Coming to the Table for Rescued Victims of Animal Fighting

October 3, 2014

Guest blog by Deborah Press, ASPCA Senior Manager of Regulatory Affairs

Today the ASPCA and the nation’s most capable and caring hearts and minds—from the Department of Justice, the FBI, USDA, and other organizations—met to problem solve around the future of animals rescued from fighting operations. The ASPCA and its government partners came together under the auspices of the Department of Justice’s Animal Cruelty Working Group, to ensure that the process for seizing animals used in these heinous crimes is as smooth and efficient as possible so that more animals can be saved.

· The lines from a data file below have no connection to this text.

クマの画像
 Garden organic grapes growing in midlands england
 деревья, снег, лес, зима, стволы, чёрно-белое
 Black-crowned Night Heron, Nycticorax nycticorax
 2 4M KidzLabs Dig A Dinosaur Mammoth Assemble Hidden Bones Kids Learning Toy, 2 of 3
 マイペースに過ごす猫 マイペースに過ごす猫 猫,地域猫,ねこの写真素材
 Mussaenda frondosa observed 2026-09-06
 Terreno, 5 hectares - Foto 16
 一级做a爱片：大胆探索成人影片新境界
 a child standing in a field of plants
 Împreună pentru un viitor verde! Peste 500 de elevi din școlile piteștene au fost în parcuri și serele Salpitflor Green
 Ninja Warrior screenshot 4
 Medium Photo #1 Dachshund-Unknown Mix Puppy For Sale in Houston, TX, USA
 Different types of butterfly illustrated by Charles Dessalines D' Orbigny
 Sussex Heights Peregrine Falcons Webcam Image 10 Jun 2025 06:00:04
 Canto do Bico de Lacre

The ASPCA regularly works side by side with federal, state and local law enforcement to save animals from cruelty and build criminal cases against abusers. When the ASPCA assists law enforcement in animal fighting raids, the animals are held in limbo as evidence—for over a year sometimes—while prosecutors and law enforcement agencies pursue cases against accused animal fighters.  As a result, the animals must stay in temporary shelters and cannot begin their new lives in forever homes.

Animal fighting victims aren’t like other criminal evidence that can be warehoused in storage lockers for years at a time. These animals have delicate behavioral needs, and even with the best staff behaviorists in the country tending to them, rescued dogs often deteriorate psychologically after many months caged in a temporary shelter environment to the point where they cannot be adopted.

We are grateful to our partners for all of the work they do to stamp out animal fighting and for throwing their expertise and passion for animals into this important cooperative conversation.